ここ最近、カロリーゼロを前面にうちだしている商品をよく見かける。とくに飲料などでは本当によく目につく。
 実際はどうだか知らないが、ぼくはカロリーゼロの方がかえって健康によくないように思えてしまう。どうしてもそこに人工的なイメージがまつわりついてしまい、そういった不自然さはけっきょく身体に悪い影響を与える、と、なぜか何の根拠もなくそう考えてしまうのだ。
 それにしてもカロリーゼロが商品のセールスコピーになるだなんて、あらためて現代が飽食の時代であることを思い知らされる。



 しかしそういうぼくにしたって、食べ物なんて喉を通れば何でもいいというわけではない。逆に、どちらかといえばブランド志向の強い方ではないかと思う。
 たとえばコーラとかコーヒーとかカップ麺とか、いかにも量販店で取り扱っていそうな、安いことはたしかだが、それと同じたしかさで怪しい、ああいったものをみずから買う気にはとてもなれそうにないのである。

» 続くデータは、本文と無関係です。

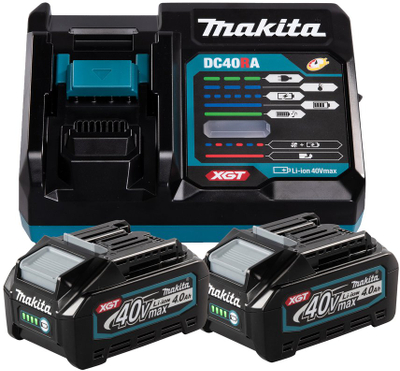 Set baterish Makita 191L77-9, 2x BL4040 40V 4.0Ah, me karikues DC40RA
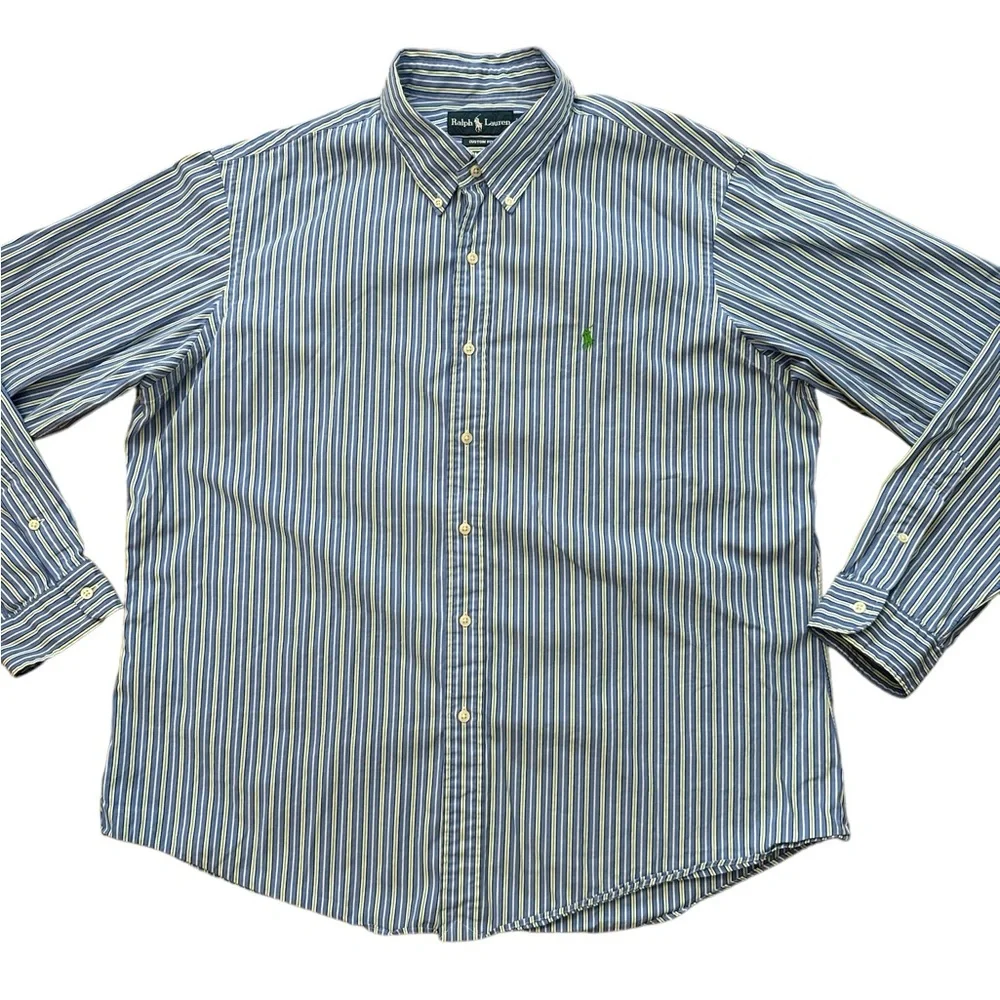 Polo Ralph Lauren Men’s Size XXL‎ Long Sleeve Button Up Shirt Blue/Green/White
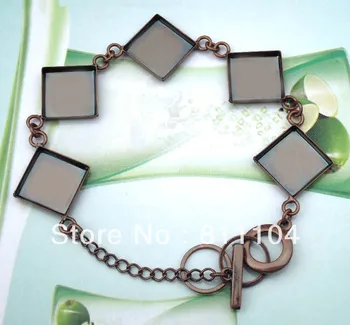 

12mm Antique Copper tone Plated Blank Bracelet Settings Square Bezel Chain Cabochons Bangle Bracelet Bases Cameo Crafts Findings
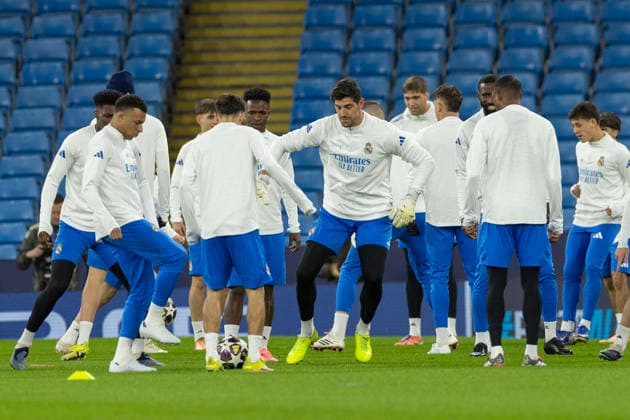 Manchester City press conference, PK, Pressekonferenz UEFA Champions League 2025 26 Round of 16, Matchday -1 Real Madrid players during a training session before the UEFA Champions League 2025 26 Round of 16, 1st leg against Manchester City at the City of Manchester Stadium in Manchester, United Kingdom, on March 16, 2026. Manchester Manchester  Copyright: xMIxNewsx originalFilename:fletcher-manchest260316_npvqJ.jpg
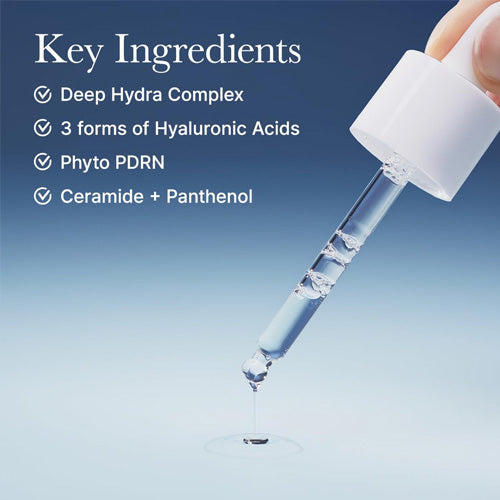 Dropper with skincare serum and list of key ingredients on a blue background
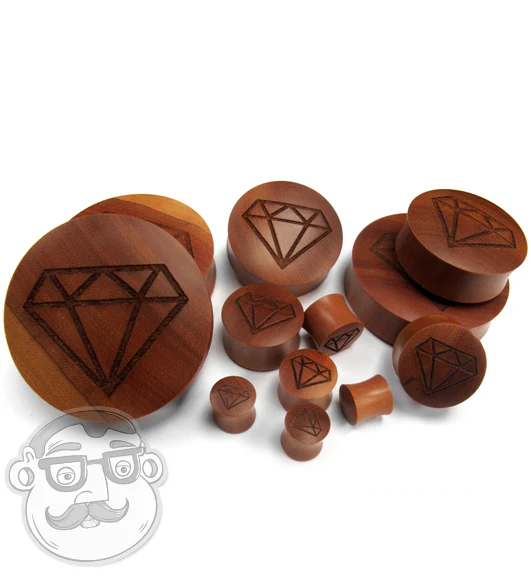 Diamond Engraved Wood Plugs - Image 4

 「お米に金を惜しむべきではない」とSさんが語っていたのを思い出す。つまり、何をどのように倹約するにせよ、そこのランクだけは下げてはならない、そういった固守すべき生活の最低限の領域というものがあるという話だ。



 試験は課題図書のなかから多く出題されたらしい。Kさんはかなり手応えがあったようだ。何でももともと自己流の読書術を身につけていることで、内容をインプットすることが得意であるらしい。
 一方、漫然と字面を追ってばかりいる、ぼくのような読書法は、健忘症をうながすことはあっても、そのほかに利点はなさそうである。